[RECORDS FOR THE EXERCISE — start]
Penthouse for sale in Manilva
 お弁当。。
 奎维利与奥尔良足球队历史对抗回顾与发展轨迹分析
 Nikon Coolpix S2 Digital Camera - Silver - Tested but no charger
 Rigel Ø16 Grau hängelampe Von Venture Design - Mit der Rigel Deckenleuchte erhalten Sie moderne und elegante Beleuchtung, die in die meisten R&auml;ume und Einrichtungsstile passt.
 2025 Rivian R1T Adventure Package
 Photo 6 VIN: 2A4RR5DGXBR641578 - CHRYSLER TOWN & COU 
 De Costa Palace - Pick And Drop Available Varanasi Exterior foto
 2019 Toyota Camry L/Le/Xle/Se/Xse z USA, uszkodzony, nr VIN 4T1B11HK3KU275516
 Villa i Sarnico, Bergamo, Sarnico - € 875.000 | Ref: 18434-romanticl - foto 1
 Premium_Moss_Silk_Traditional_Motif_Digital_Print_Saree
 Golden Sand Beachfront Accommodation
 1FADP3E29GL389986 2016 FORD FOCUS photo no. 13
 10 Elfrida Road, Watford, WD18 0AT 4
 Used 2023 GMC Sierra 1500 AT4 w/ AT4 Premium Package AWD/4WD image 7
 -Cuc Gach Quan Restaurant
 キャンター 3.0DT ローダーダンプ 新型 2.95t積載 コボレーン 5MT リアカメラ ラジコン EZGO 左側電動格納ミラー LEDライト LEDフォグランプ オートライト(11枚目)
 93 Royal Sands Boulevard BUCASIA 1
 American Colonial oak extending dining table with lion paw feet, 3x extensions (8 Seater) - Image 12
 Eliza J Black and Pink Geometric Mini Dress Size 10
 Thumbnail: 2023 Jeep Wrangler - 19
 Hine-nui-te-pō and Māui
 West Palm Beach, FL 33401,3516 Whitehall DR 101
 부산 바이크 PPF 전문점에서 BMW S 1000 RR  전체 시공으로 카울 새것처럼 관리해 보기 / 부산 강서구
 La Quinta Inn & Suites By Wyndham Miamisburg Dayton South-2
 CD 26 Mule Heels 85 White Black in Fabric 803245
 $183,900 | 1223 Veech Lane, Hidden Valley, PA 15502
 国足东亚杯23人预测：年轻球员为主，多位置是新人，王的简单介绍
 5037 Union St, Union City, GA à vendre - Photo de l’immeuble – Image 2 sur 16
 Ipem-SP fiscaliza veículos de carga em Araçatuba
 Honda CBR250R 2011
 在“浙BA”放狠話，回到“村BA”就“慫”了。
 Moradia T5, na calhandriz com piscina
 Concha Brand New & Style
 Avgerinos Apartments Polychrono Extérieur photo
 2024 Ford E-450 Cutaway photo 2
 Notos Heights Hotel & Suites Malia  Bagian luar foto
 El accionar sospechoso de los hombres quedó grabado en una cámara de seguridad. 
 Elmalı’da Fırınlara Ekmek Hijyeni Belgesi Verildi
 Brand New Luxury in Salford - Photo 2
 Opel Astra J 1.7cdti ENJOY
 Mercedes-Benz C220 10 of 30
[RECORDS FOR THE EXERCISE — finish]
— DIRECTIONS FOR THIS TASK —
Copy each line of the data above that holds "Brand".

— TASK ANSWER —
 Concha Brand New & Style
 Brand New Luxury in Salford - Photo 2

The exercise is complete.